The CUDA Performance Myth II
This is a kind of following to the CUDA performance myth. There is a recent news on the java concurrent mailing list about SplittableRandom class proposed for JDK8. It is a new parallel random number generator a priori usable for Monte-Carlo simulations.
It seems to rely on some very recent algorithm. There are some a bit older ones: the ancestor, L’Ecuyer MRG32k3a that can be parallelized through relatively costless skipTo methods, a Mersenne Twister variant MTGP, and even the less rigourous XorWow popularized by NVidia CUDA.
The book GPU Computing Gems provides some interesting stats as to GPU vs CPU performance for various generators (L’Ecuyer, Sobol, and Mersenne Twister)
A Quad core Xeon is only 4 times slower to generate normally distributed random numbers with Sobol.

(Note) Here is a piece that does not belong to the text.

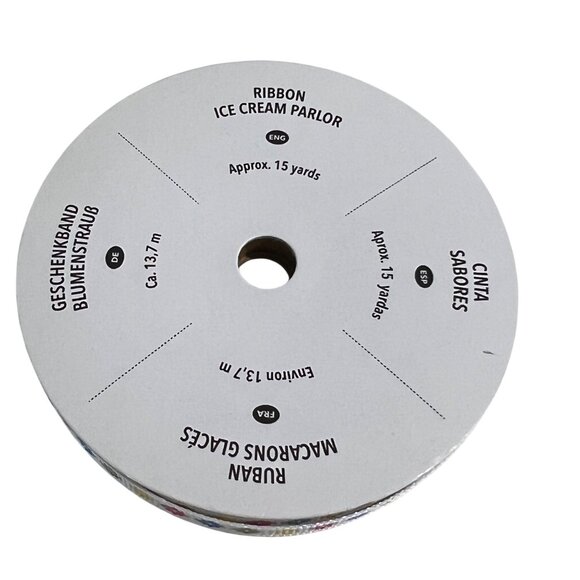 Pom-Pom Trim & Floral Ribbon Spools Set 4.6-15 Yards Yellow & Pink Pom-Poms Mult - Picture 3 of 7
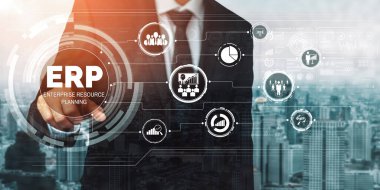 Ticari kaynaklar için Enterprise Resource Management ERP yazılım sistemi modern grafik arayüzünde sunulmuştur. Şirket kaynaklarını yönetmek için geleceğin teknolojisini göstermektedir. uds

Fermi cards are faster now, but probably so are newer Xeons. I would have expected this kind of task to be the typical not too complex parallelizable task doable by a GPU, and yet the improvements are not very good (except if you look at raw random numbers, which is almost useless in applications). It confirms the idea that many real world algorithms are not so much faster with GPUs than with CPUs. I suppose what’s interesting is that the GPU abstractions forces you to be relatively efficient, while the CPU flexibility might make you lazy.